How My Mind Has Changed

Finding God outside the church walls

The Spirit is God’s wild card, played over and over again when old forms fail.

During times of turbulence in politics, culture, and religious life, it’s tempting to hold tightly to current convictions. Allowing a change of one’s mind or heart can be difficult work. With this in mind, we have resumed a Century series published at intervals since 1939, in which we ask leading thinkers to reflect on their own struggles, disappointments, and hopes as they address the topic, “How my mind has changed.” This essay is the second in the new series.

The idea of God has been dying for most of my life. When I was a sophomore in high school, I used to hang out at a coffee house in the basement of Glenn Memorial Church on the campus of Emory University in Atlanta. My father, who once taught psychology there, appreciated the writing of an Emory religion professor named Thomas J. J. Altizer. There were also a lot of books by Alan Watts, D. T. Suzuki, and Lawrence Ferlinghetti lying around our house.

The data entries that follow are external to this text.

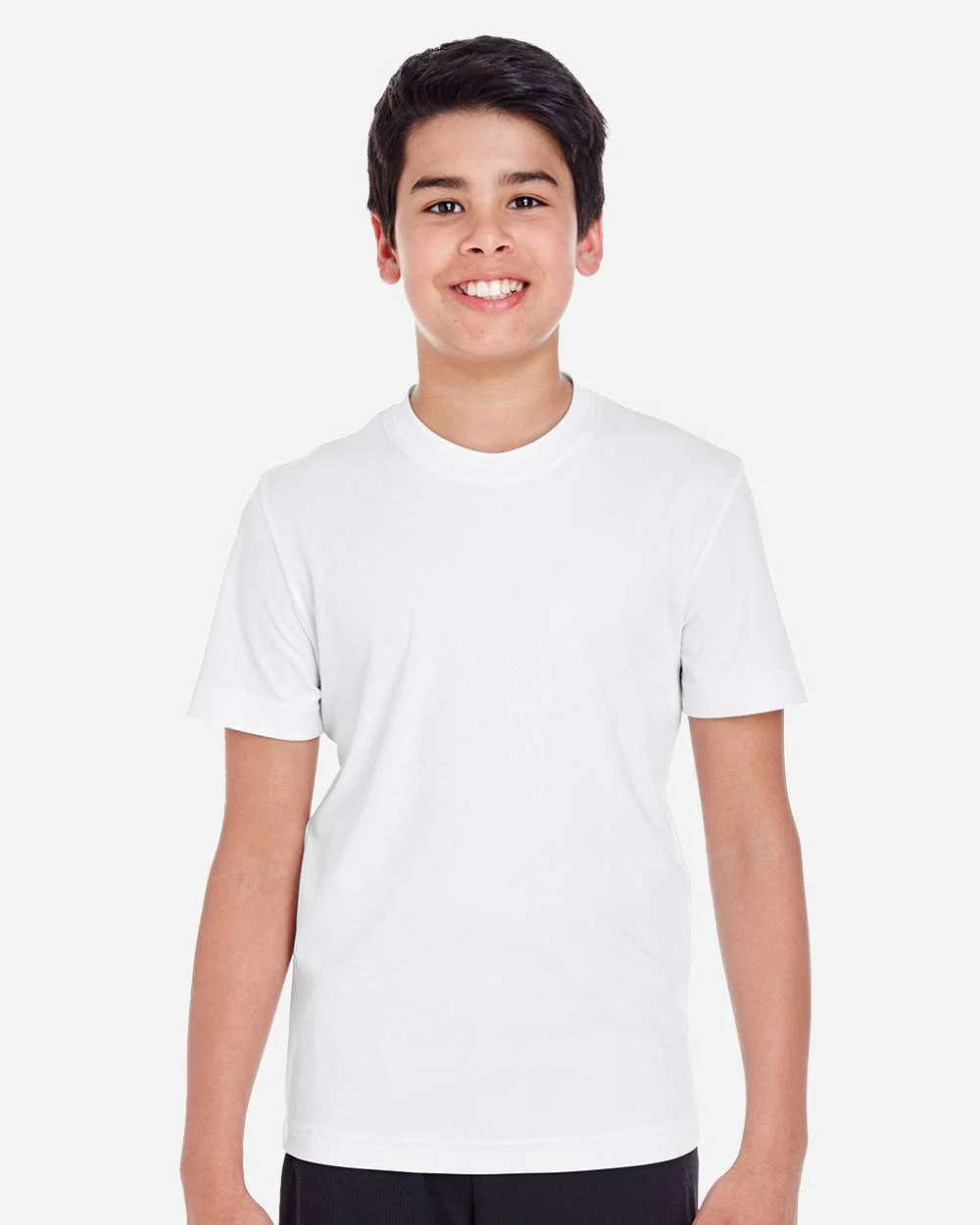 Team 365-TT11Y-Youth Zone Performance T-Shirt - Image 124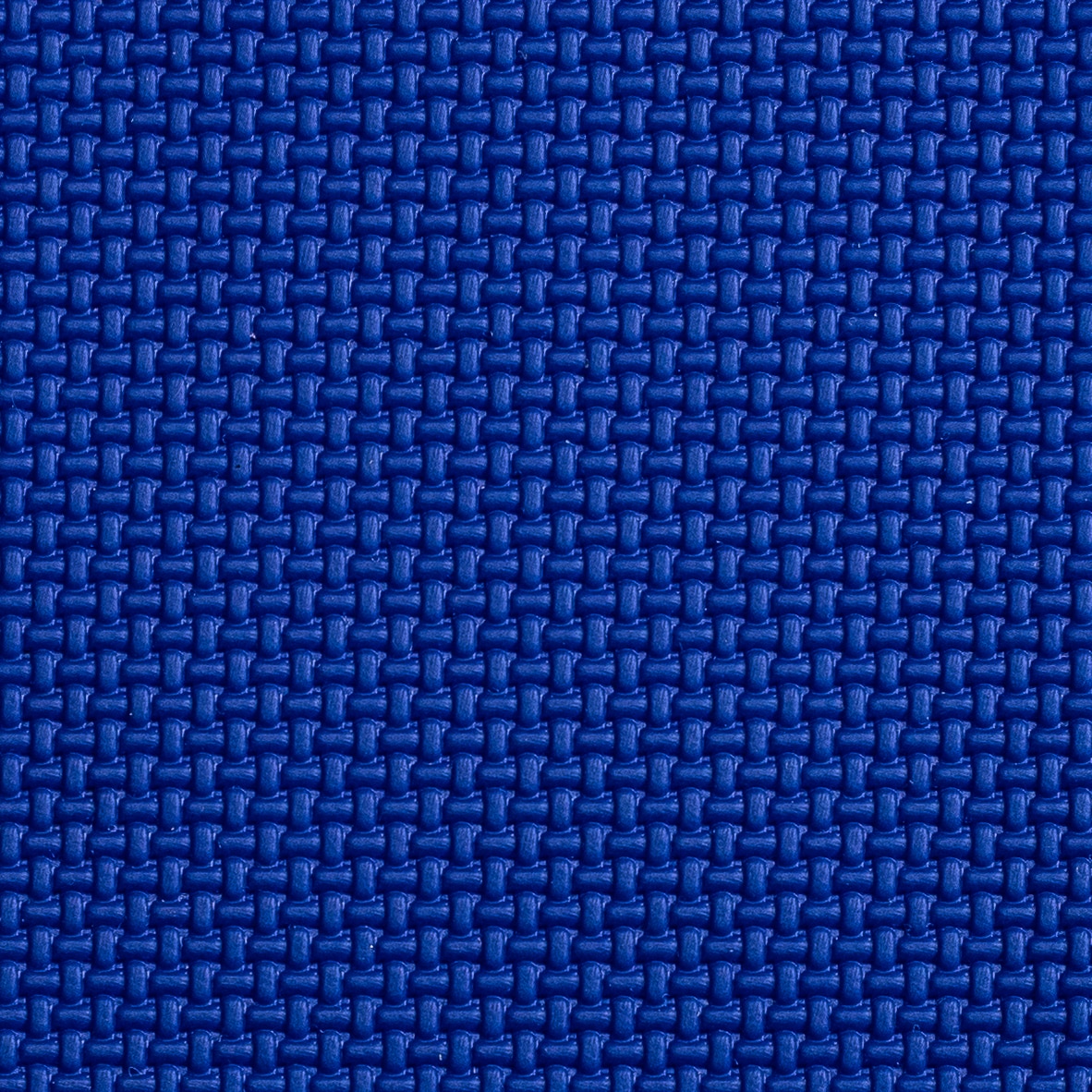 Cobalt Blue Wire Gripper material swatch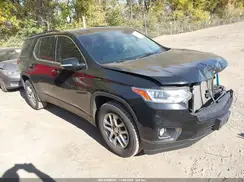 1GNERGKW3LJ191036 2020 CHEVROLET TRAVERSE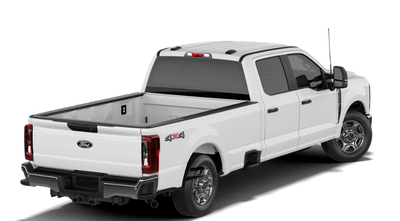 2027 Ford F-350SD F-350® XLT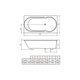 Hidromasaje 8j Digital Spa Ferrum Carilo18 AO8DT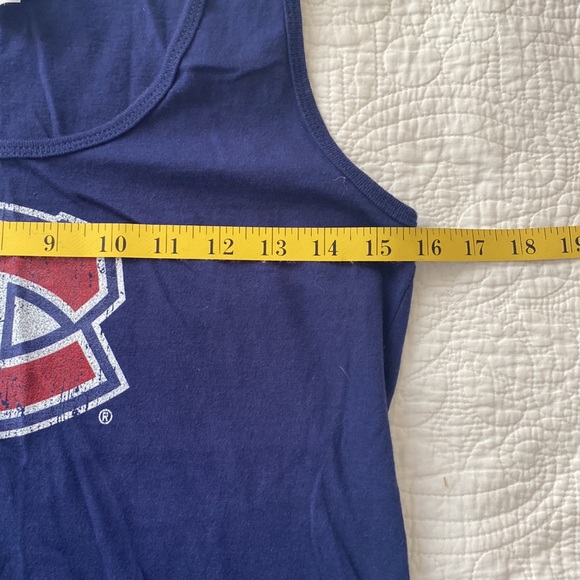 MONTREAL CANADIANS NHL 🏒 Tank Top - Amazing Condition- GO HABS! - Picture 5 of 6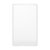 Official Samsung Galaxy Tab A7 Lite Clear Cover Case - Clear 2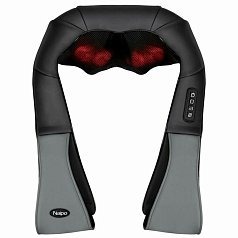 Массажер Naipo MGS-150DC с подогревом для плеч и шеи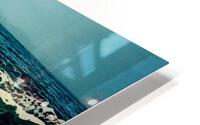 Ocean Mist HD Metal print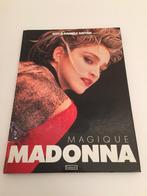 Magique Madonna (XL hardcover - FR) in nieuwstaat, Artiest, Ophalen of Verzenden, Zo goed als nieuw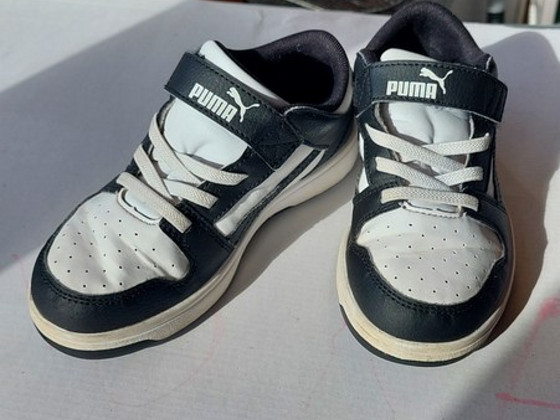 Кроссовки Puma, размер 30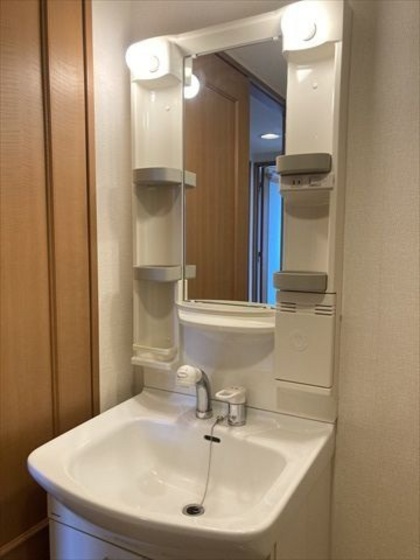 リビュレット大宮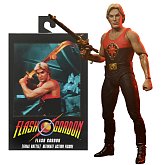 Фигурка Flash Gordon 1980 Final Battle — Neca Ultimate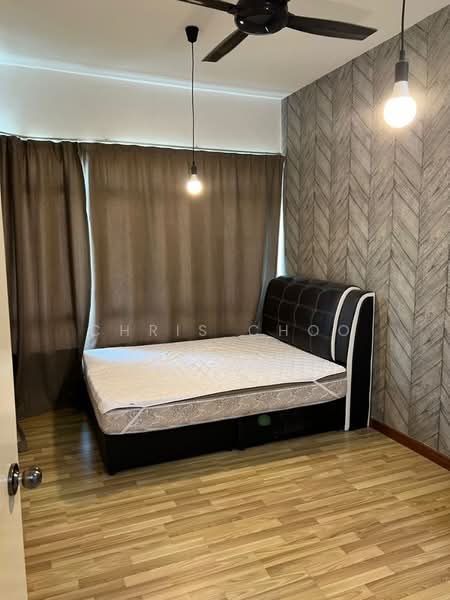 Service Residence for Sale at Damai Hillpark - Chris Choo - PropertyGuru.com.my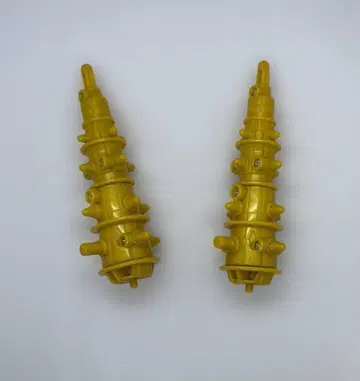 신칸센 변형 로봇 블랙 신카리온 오가 신카리온 부품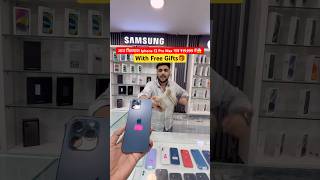 Iphone 12 Pro Max Only ₹19999😱 iphone13promaxgiveaway aiphone13promax256gb iphone13pro [upl. by Teressa]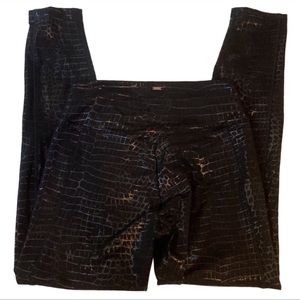 PINK Victoria Secret new condition leggings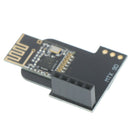 Multiprotocol TX Module For X9D X9D Plus X12S Transmitter Remote Controller: Gw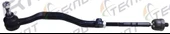 Teknorot MN Mn-152133 Rot Takımı Ön Sol Mini R60 R60 32109808837 - 1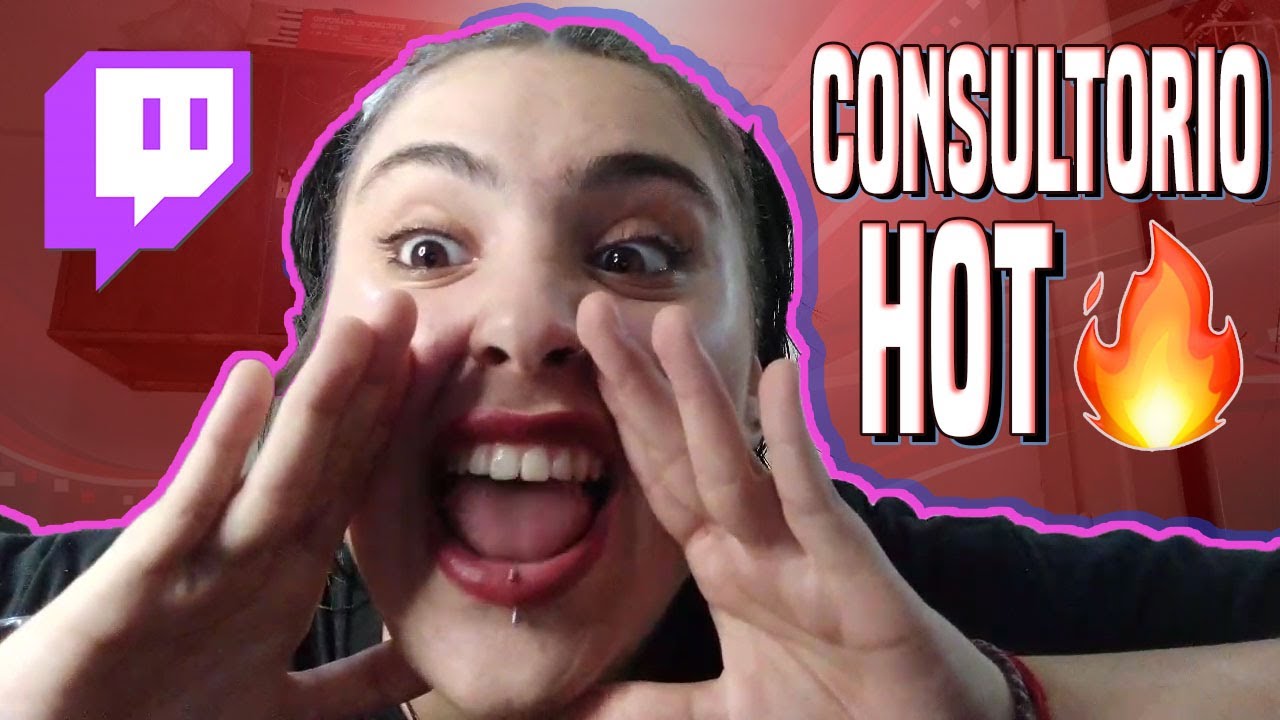 CONSULTORIO HOT 🔥🔥🔥
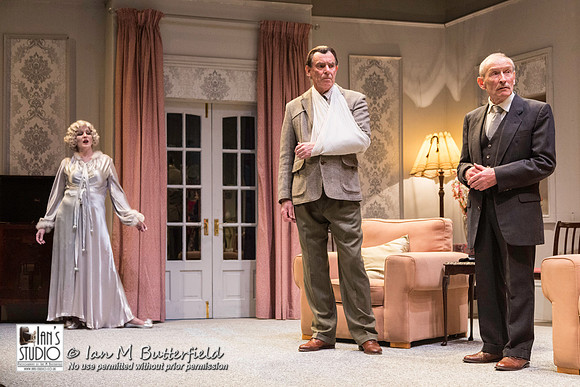 Blithe Spirit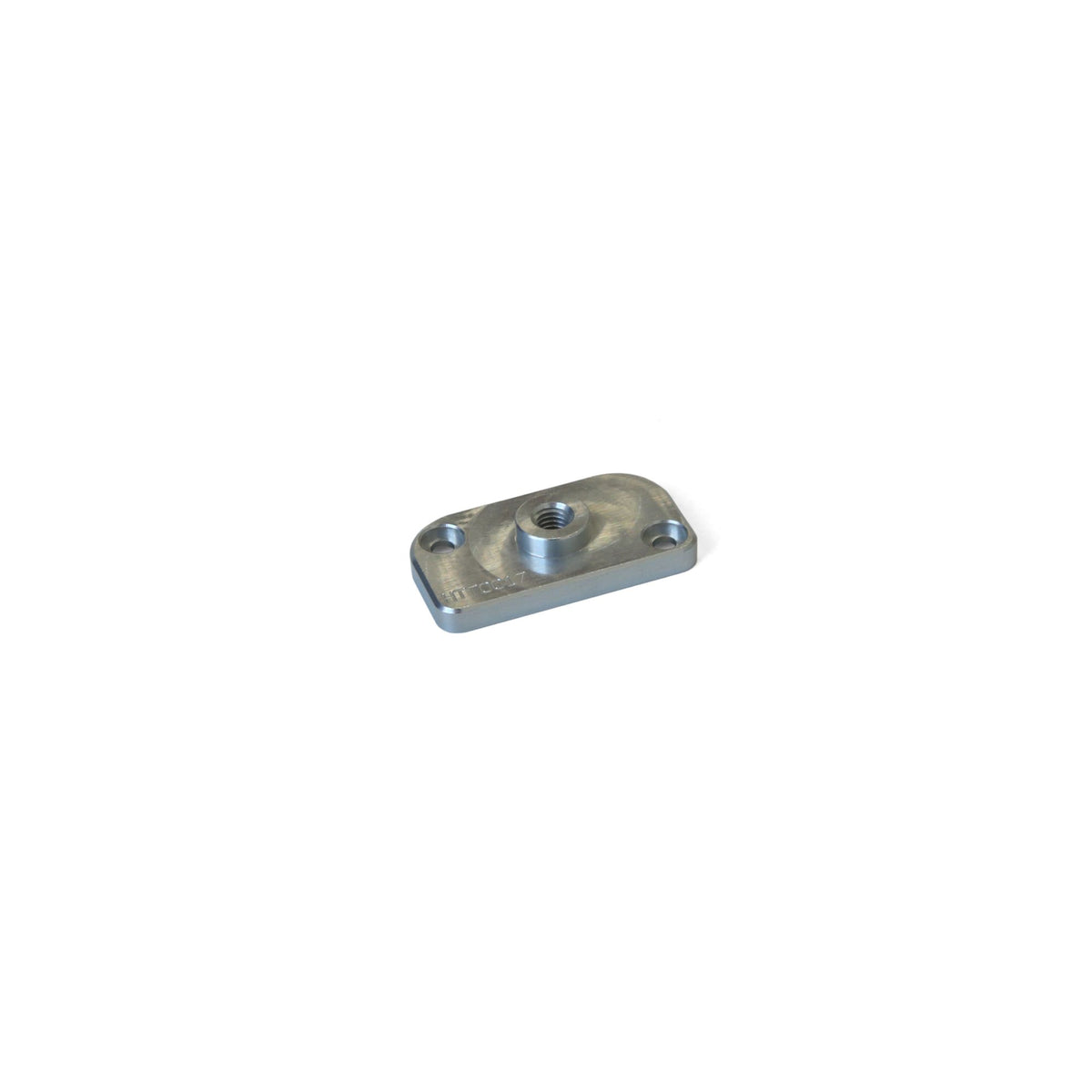 Hope Tool Easy Bleed Kit Cap Mini- Silver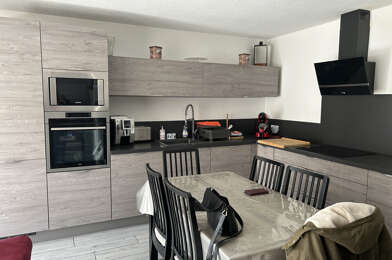 Appartement 2 pièces 890 €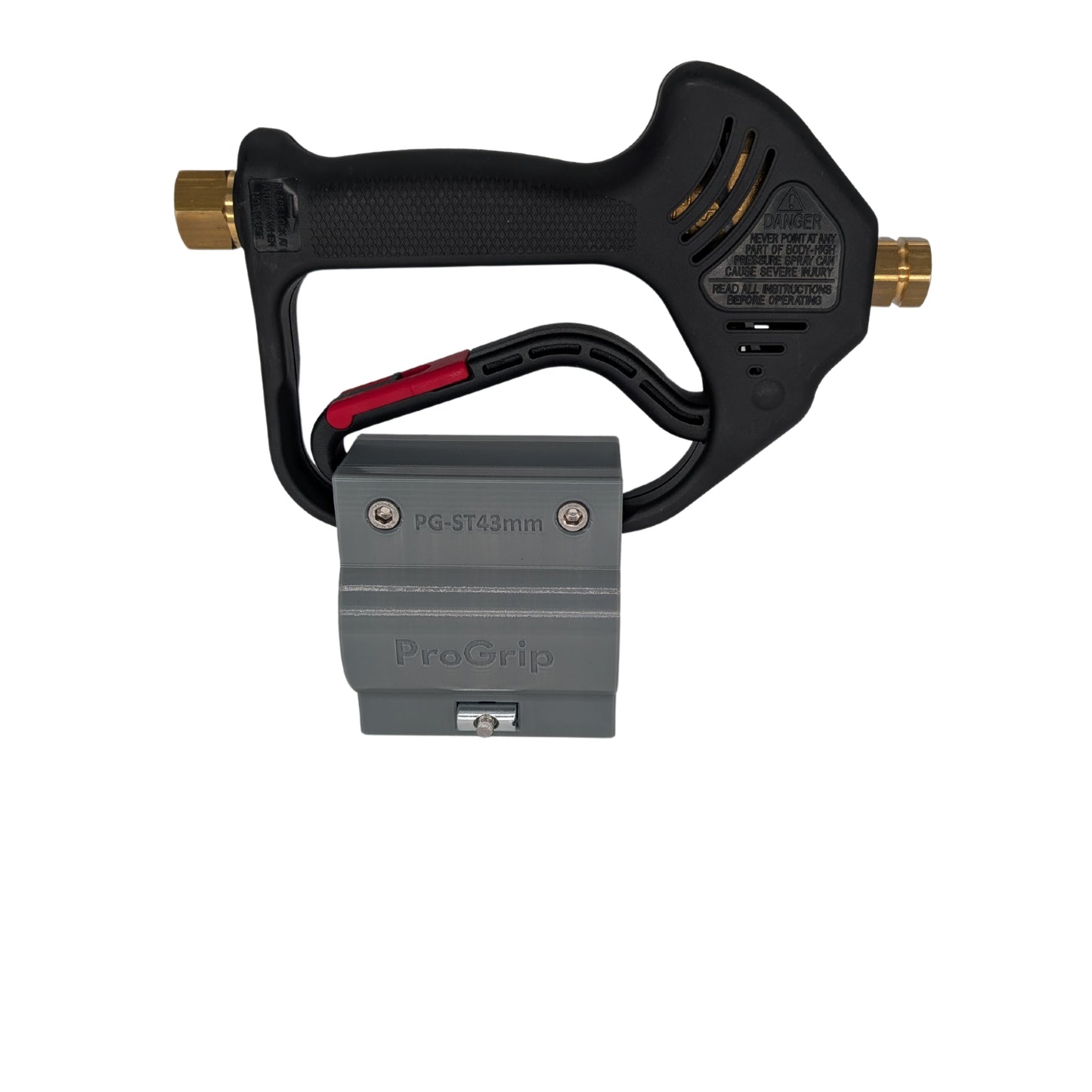 Slide Trigger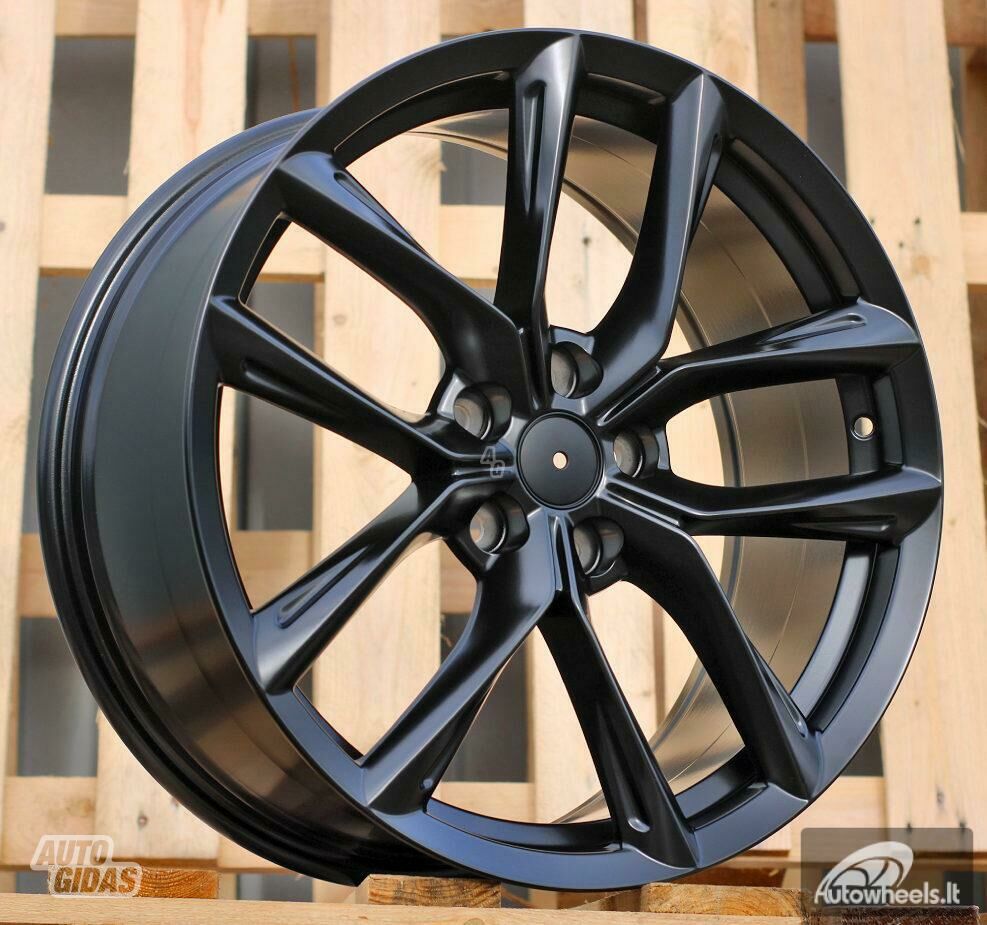 Autowheels Tesla Model 3 Performance литые R20 диски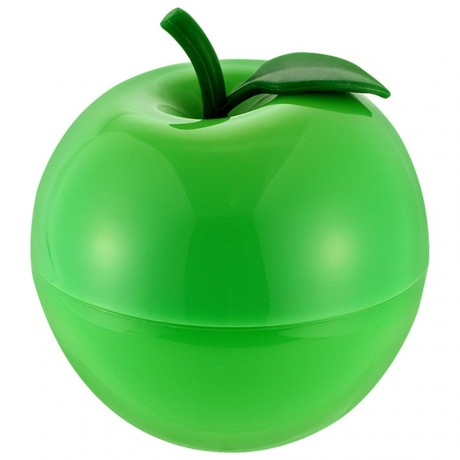 Tonymoly (Тони моли) Green Apple Lippenbalm Lippenpflege, 7 g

In 1966, Time magazine came out with its first text-only cover. “Is God Dead?” the headline read, in giant red letters against a black background. No one I knew bothered to read the article inside, which explained that Altizer and his like-minded colleagues were not the first to surmise God’s demise. Nor did they all mean the same thing when they talked about the death of God, although two world wars, the Holocaust, and the racist violence exposed by the American civil rights movement figured centrally in their thinking. How could a benevolent God live through human catastrophes like those?